Most notably: Filippo had nothing to do with EFail, which was one of the most important cryptographic results of the last 5 years. You don't so much need Drew Devault to tell you that; it's peer-reviewed research.
I am no cheering fan, for sure, but I think it's disingenuous to say PGP is one of the least important systems on the internet. Debian package distribution, notably, depends rather pivotally on PGP to ensure authenticity. Keybase uses PGP as it's root trust mechanism. There are plenty of email services that use PGP to secure messages. I've even come across some recent (as in the last few years) startups using PGP to implement their internal or application-level trust relationships (run by quite sane and well adjusted individuals nonetheless). I worked at a Unicorn in the last 10 years that implemented secret storage and distribution using GPG tooling. In fact, recently and close to home for me, we implemented some application level key exchanges and the security person we consulted with for a 2nd set of eyes actually said (paraphrasing), "I don't like this thing it's custom but if you use ElGamal I'd be more comfortable because at least it's well understood."
Of course these are all things that can and probably should be replaced by something more palatable. So why haven't they?
If it's not obvious, my argument is neither for nor against PGP, really. It's that I'm tired of hearing about how much PGP sucks without also hearing about the solution. I think the burden is on the people wishing to eradicate it to muster up the blesséd alternative and shepherd it into the vernacular.

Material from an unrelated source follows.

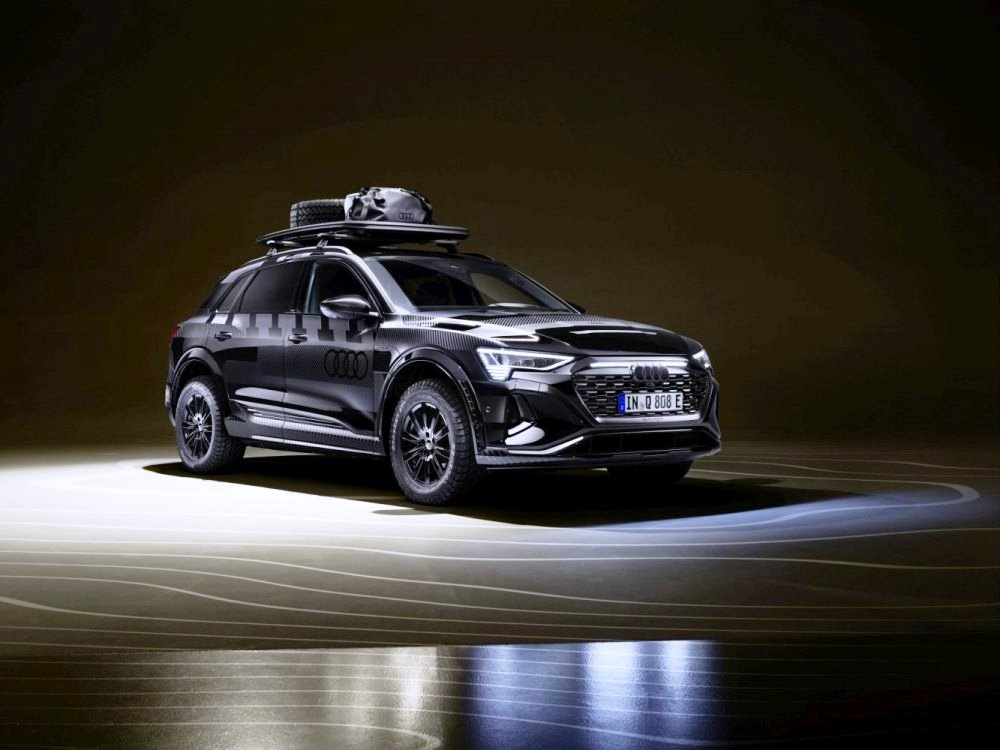 Audi Q8 e-tron edition Dakar apskats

It is one thing to make a case for the continued maintenance of PGP, or even to say that it has a place in modern cryptography (that's an outré thing to say among cryptography engineers, but, whatever).
It's another thing entirely to say that any cryptography engineer critical of PGP must have a weird personal vendetta against it, as you did upthread.
Harsh criticism of the failings of PGP is practically an orthodoxy among cryptography engineers. It is not a good design by modern standards, and lots of cryptographers would dearly love to be rid of it. Push back on them because you don't think it's worth the time for Debian to switch to minisign, fine, but don't slander people while you're doing it.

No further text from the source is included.